Bitfinex ‘Copycat’ Lawsuit Withdrawn and Then Refiled in New District

Bitfinex ‘Copycat’ Lawsuit Withdrawn and Then Refiled in New District

Ifinex Inc, parent firm of Bitfinex, finds its ongoing legal troubles further complicated as a November lawsuit has been withdrawn by the plaintiff and refiled in a new district. The company, whose close affiliations with both the Bitfinex crypto exchange and stablecoin Tether have continually raised suspicion, now faces at least three ongoing legal battles. In December, an updated New York Attorney General’s filing was made, October’s class action suit is ongoing, and the now refiled ‘copycat’ lawsuit, originally filed in November, has been added to the list.

Also Read: Tron-Based Tether Has Ballooned to Over 900 Million Tokens, Almost 22% of Total Supply

Ifinex’s Legal Entanglements

The class action ‘copycat’ lawsuit from November was withdrawn last week from the Western District of Washington, and subsequently refiled in the Southern District of New York on Jan. 8, with the addition of one David Crystal to the list of plaintiffs. According to a lawyer involved in the case, “Plaintiffs refiled the case to efficiently vindicate the rights of Bitcoin traders and Bitcoin futures traders,” reports maintain.

Tether and Bitfinex have previously asserted the suit was simply an attempt to use “Bitfinex and Tether to obtain a payday,” and have pointed out the similarity of the filing to a similar class action which emerged in October. Both lawsuits are directed at Ifinex, the parent firm of Bitfinex and Tether.
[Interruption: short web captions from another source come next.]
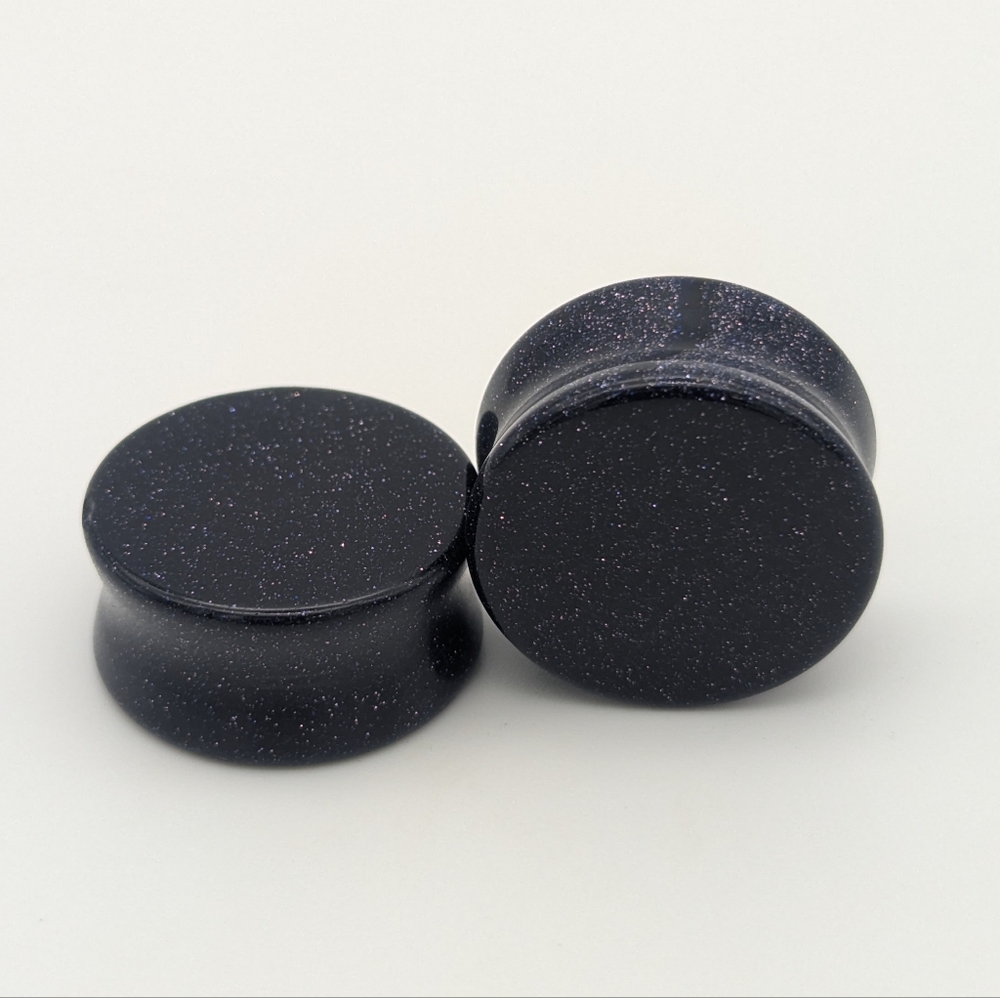 Pair of Double Flare Blue Goldstone Crystal Plugs Gauges, Size 5/8 inch (16 mm)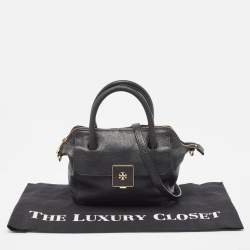 Pre Owned Tory Burch Black Leather Clara Satchel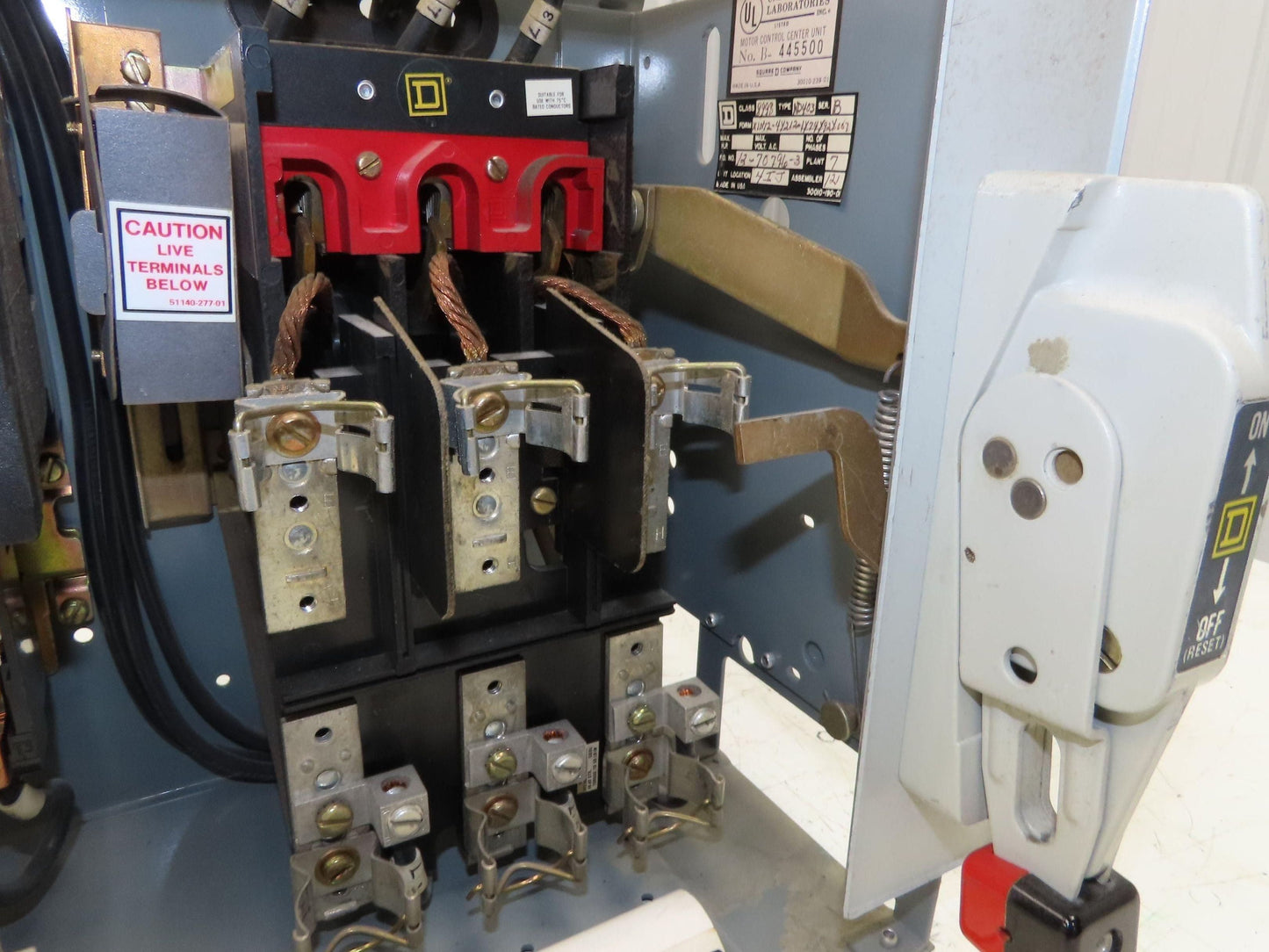 Square D 8998 MCC Bucket Motor Starter 25Hp Size 2 Fused Disconnect 3 Pole 600V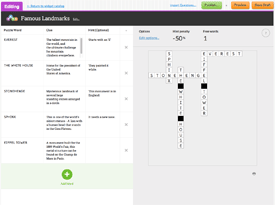 screen shot of creating a crossword widget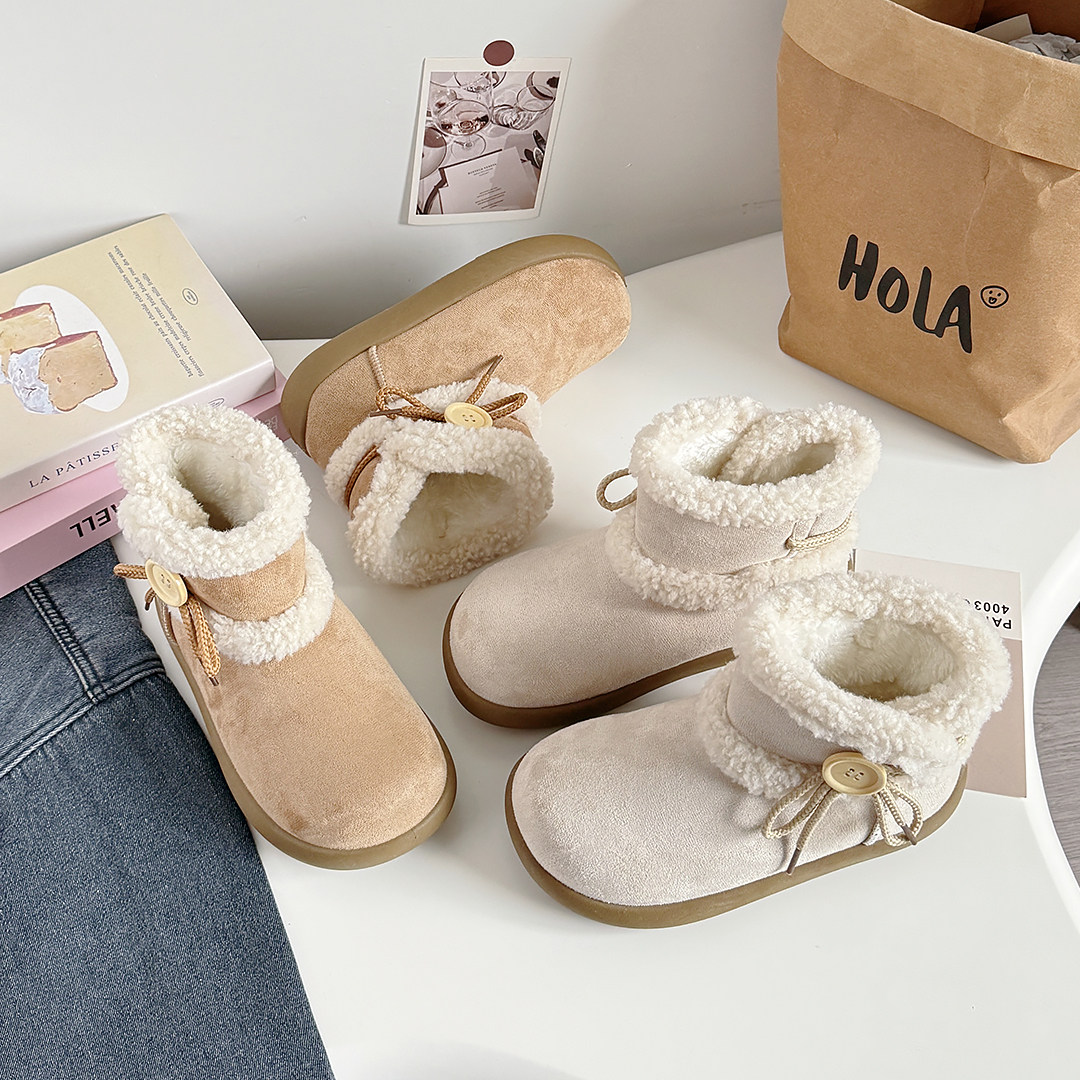 时狐雪地棉女休闲皮短靴大棉鞋羊羔毛加厚保暖棉靴2025冬季,淘宝优惠券,粉丝福利购,淘宝优惠卷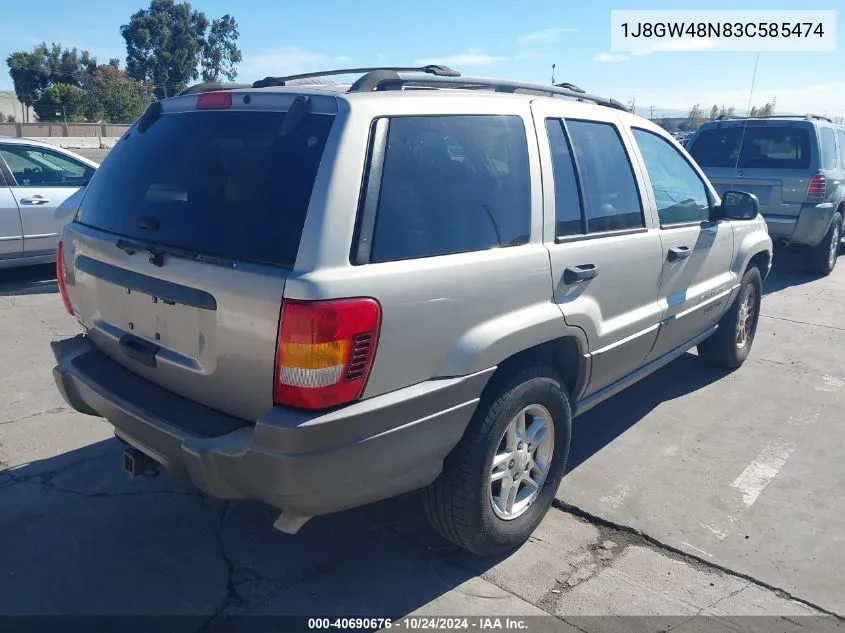 2003 Jeep Grand Cherokee Laredo VIN: 1J8GW48N83C585474 Lot: 40690676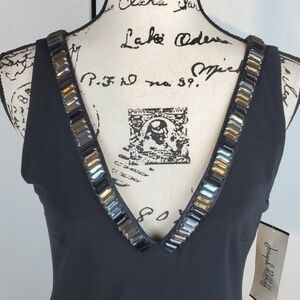 Joseph Ribkoff- Womens Black Double V Beaded Evening Dress Stunning! Sz.10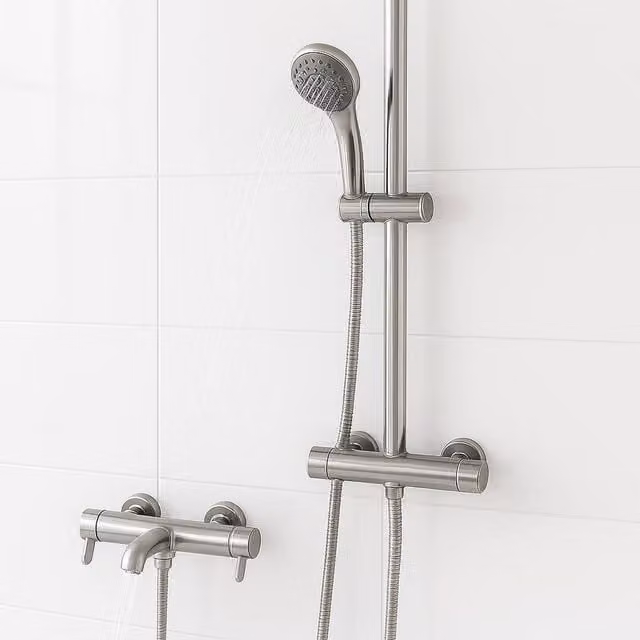 Bathroom Kingdom Menai Premium Chrome Thermostatic Bath and Shower Mixer Riser Kit in Silver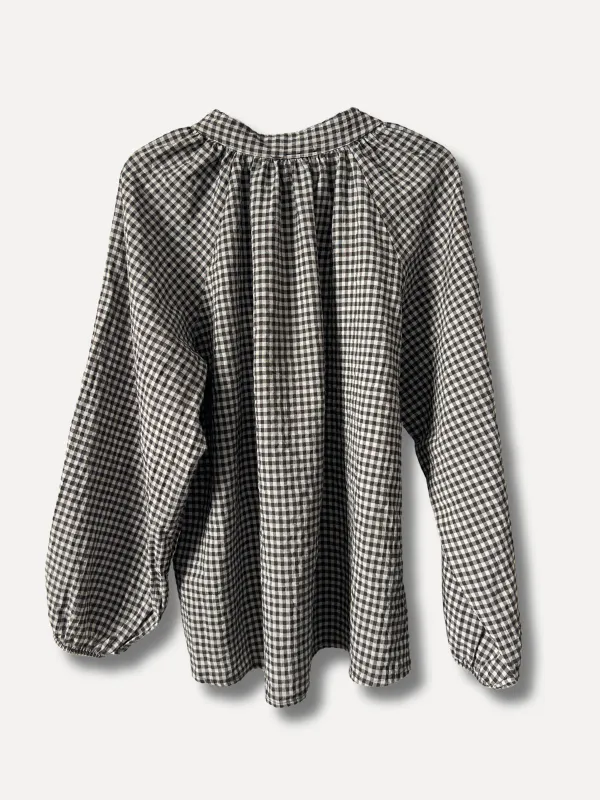 Mørk brun - Checki Bomulls Bluse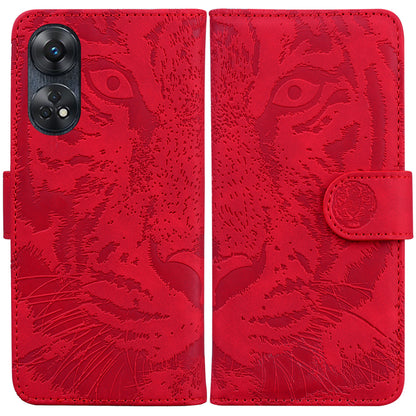 PU Leather Case for Oppo Reno8 T 4G , Tiger Pattern Imprinted Flip Wallet Stand Phone Cover
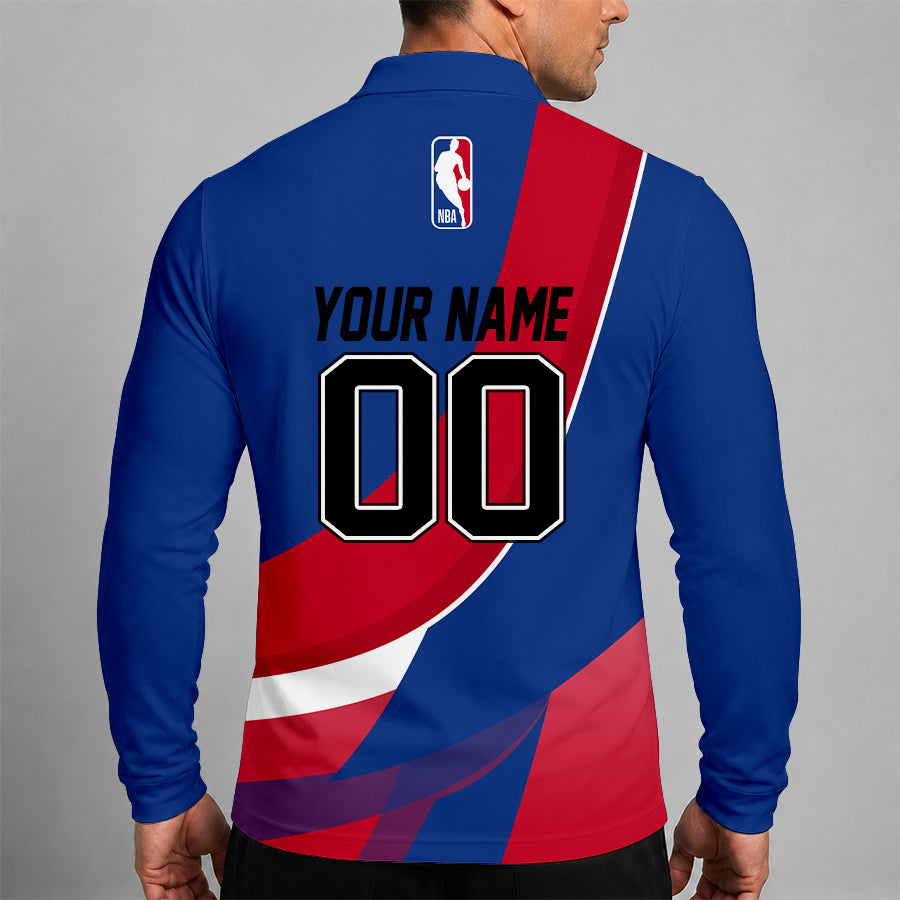 [HOT DEAL] NEW CUSTOMIZED NBA31 NATIONAL BASKETBALL ASSOCIATION MEN LONG SLEEVE POLO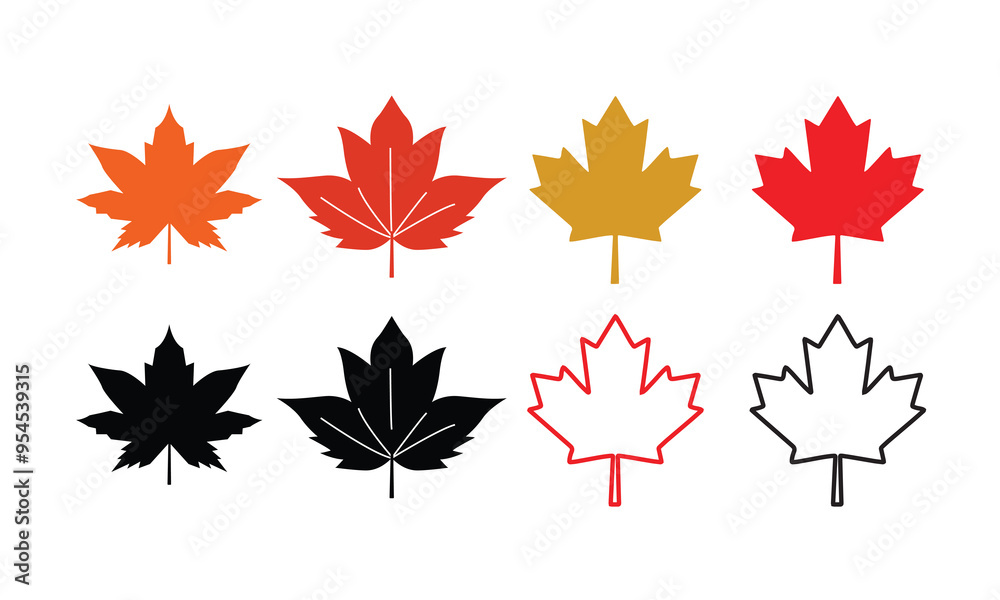 Maple leaf icon collection isolated on white background. Maple leaf set vector icon. Canada flag logo element, isolated vector illustration Maple leaf icon collection isolated on white background. Maple leaf set vector icon. Canada flag logo element, isolated vector illustration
A Dec. 4 New York Attorney General (NYAG) filing adds to the group’s troubles, and is an extension of ongoing issues with the NYAG which emerged in April last year. The newly refiled class action complaint could be an attempt to move the action to a district with greater support for legal scrutiny of the controversial crypto groups.

Bitfinex ‘Copycat’ Lawsuit Withdrawn and Then Refiled in New District

Accusations of Fraud and Market Manipulation

The revised complaint states that “During the Class Period, Defendants, through their unique control and access to printing USDT, manipulated prices of Bitcoin by issuing USDT unbacked by a 1:1 U.S. dollar reserve and using the newly created USDT to purchase Bitcoin through U.S.-based cryptocurrency exchanges Bittrex and Poloniex. Defendants’ unbacked printing of USDT artificially inflated the price of Bitcoin, which enabled Defendants to extract supra-competitive profits from Bitcoin traders.”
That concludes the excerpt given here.